Guarani Filmmaker Sharing More Than Just Films
“We, Guaranis, consider ourselves a nation without frontiers; my work is to show through movies, what territory means to us,” explains filmmaker Ariel Ortega, whose name in Guarani, means “Sun Ray.”
Invited by the Cartier Fondation for the Histoires de voir: Show and Tell exhibition, open through October 21, Ariel expresses his enthusiasm about sharing his reality, “Guaranis live in Paraguay, Argentina and Brazil; many people still do not understand our situation on those territories.”
Ortega’s movies, Guarani exile (2011), Two villages one path (2008 best documentary award at Minas Gerais Festival), and The bicycles of Nhanderu 2011, offered the Parisian audience an indepth perspective into the present of the Guaranis.
Twenty seven year old Ortega started making films in 2006, at the age of 21, attending “Video nas Aldeias,” (Videos in the village) the Brazilian movie school for Natives.
Raised in Argentina, with Guarani as a first language, he attended a bilingual Guarani Spanish school. Presently residing in Brazil, in the village of Koenju, a 45 family community of 200 members, in San Miguel das Missoes municipality, he has acquired, despite his young age, the status of leader of his community, Mburuvicha, perpetuating the father-son tradition of leadership, from his grandfather Dioniso Duarte, a renowned leader and activist for Native rights.
Ortega’s documentaries reveal the life of the Guaranis from the inside, giving voice to the elders about the ancestral beliefs, and visions of the Guaranis. “My documentaries show our difficult reality – politicians refuse to dialogue with us. They think Guaranis will not participate in the progress. Where I live, very little territories are recognized as ours. They refuse to give us back our ancestral territories, and prefer to offer them to enterprises.”
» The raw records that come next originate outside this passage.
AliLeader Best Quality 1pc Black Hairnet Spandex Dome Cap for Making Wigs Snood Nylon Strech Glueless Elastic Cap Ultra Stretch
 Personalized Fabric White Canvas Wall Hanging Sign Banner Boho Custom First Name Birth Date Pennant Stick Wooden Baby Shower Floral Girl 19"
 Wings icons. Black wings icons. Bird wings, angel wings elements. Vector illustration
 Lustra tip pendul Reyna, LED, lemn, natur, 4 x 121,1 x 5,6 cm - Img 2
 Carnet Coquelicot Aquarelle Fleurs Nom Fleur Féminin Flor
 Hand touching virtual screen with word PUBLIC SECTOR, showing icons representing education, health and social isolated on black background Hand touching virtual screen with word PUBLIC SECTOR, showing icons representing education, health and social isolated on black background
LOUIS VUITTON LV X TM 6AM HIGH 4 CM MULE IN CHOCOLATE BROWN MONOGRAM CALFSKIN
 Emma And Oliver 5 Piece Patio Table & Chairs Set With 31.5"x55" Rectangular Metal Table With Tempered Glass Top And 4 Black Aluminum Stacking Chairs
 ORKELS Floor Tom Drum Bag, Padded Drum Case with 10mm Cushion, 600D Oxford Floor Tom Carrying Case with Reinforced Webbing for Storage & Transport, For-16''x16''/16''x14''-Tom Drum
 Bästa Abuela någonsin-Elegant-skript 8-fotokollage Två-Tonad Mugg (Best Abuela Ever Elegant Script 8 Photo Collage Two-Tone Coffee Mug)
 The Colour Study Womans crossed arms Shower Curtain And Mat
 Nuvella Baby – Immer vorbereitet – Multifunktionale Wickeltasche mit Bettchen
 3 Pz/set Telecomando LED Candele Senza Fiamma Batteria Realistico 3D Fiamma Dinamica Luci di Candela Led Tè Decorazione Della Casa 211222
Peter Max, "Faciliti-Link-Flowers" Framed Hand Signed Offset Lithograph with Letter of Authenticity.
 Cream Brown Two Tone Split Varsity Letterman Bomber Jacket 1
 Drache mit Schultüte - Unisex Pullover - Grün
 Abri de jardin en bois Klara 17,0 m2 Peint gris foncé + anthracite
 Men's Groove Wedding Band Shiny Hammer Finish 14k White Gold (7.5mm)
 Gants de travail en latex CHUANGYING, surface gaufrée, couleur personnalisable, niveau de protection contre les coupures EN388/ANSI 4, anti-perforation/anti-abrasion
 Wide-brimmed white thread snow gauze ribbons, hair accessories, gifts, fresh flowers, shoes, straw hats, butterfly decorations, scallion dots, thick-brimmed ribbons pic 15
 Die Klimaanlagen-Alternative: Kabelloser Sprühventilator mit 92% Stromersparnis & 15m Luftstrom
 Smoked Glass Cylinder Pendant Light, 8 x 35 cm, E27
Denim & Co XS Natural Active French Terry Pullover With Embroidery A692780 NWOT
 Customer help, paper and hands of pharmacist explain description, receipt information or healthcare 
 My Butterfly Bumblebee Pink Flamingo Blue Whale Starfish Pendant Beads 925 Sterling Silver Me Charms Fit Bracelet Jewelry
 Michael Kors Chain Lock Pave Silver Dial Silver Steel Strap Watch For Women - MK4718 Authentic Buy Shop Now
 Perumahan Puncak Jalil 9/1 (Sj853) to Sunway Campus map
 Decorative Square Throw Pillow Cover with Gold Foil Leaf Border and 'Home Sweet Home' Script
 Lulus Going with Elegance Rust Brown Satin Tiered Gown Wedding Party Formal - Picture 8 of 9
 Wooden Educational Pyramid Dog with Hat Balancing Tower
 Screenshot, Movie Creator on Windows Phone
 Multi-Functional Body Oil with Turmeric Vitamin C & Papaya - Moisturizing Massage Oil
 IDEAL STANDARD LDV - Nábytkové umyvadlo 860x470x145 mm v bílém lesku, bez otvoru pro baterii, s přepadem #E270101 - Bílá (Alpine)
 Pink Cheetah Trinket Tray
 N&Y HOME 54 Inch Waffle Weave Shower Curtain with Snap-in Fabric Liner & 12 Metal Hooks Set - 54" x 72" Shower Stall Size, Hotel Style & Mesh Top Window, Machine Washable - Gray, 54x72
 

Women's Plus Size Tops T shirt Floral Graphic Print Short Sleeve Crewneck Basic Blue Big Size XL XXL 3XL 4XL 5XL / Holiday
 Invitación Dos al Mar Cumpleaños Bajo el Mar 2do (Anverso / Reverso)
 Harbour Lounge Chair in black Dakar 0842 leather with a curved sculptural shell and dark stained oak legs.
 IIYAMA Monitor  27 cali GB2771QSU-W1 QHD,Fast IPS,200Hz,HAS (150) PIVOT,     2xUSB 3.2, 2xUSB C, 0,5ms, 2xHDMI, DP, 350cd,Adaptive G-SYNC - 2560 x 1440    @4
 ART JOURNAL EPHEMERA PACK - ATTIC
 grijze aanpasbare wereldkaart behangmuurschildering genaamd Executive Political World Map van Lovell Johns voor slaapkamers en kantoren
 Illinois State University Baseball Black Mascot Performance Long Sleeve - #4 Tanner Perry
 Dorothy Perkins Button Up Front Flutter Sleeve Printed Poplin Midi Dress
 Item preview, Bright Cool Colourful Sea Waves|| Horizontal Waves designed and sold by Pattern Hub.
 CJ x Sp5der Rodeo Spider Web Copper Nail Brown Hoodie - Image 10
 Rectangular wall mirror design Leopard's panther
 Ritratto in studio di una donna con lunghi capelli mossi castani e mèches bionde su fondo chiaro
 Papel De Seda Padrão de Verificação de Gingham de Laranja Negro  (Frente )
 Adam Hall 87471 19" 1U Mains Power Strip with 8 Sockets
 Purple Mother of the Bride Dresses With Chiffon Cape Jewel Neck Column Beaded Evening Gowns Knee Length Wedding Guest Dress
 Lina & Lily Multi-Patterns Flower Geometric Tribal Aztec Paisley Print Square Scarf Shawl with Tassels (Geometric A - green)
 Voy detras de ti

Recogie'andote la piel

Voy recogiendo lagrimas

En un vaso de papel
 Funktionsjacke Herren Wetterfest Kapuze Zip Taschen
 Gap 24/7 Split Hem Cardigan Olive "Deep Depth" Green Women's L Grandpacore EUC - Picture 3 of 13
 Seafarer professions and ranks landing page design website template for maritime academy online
Ortega insists on how hard it is for Guaranis not to be able to cultivate the land: going through various communities, he interviews the people on their present difficulties, and hopes, “we have a huge capacity to adapt; and despite difficulty, we have maintained our spirituality. When the Jesuits arrived from Spain, and Portugal, they thought the Guaranis did not have a God, and wanted us to adopt their religion: our leaders accepted the Jesuits, but continued the practice of our traditions.”
Today, Ortega is preparing a movie about his grandfather, 92 year old Dionisio Duarte, “I want to break the prejudices about Indians; since 2007, I visit colleges, to change the teenagers visions of Natives, and establish a dialogue with the students: it works, it really betters their vision.”
His movies screened in festivals, in New York, Europe, on public TV in Brazil have won numerous awards.
Among his brothers, and six sisters, one brother followed his path in filming; “Guaranis like movies a lot and understand how important it is for us. My project is to set up a workshop for children, to teach them how to use the camera.”
But today, Ortega’s main focus is spirituality, and his future project will be devoted to those issues. “Spirituality is very alive, still, among our communities; when a child is born, the leader dreams and gives the name to the baby. Not the parents. … I want to show, in my films, how the Guaranis live their spirituality, and the creation of the world, according to our vision. In order to achieve this, I have to listen, and tape the elders; as they will die. And we have to keep those records for our children.”
Filming for Ortega is quite extensive, in order to edit and finalize his documentaries he has to fly six hours to Nas Aldeias, in Olinda, as his team only has a few cameras for equipment.
“My dream, is to set up independent video equipment in our community. Despite other people’s opinion, we use equipment “foreign” to our cultural background – those tools are useful to keep our culture alive, and to empower us. Filmmaking means everything to me.”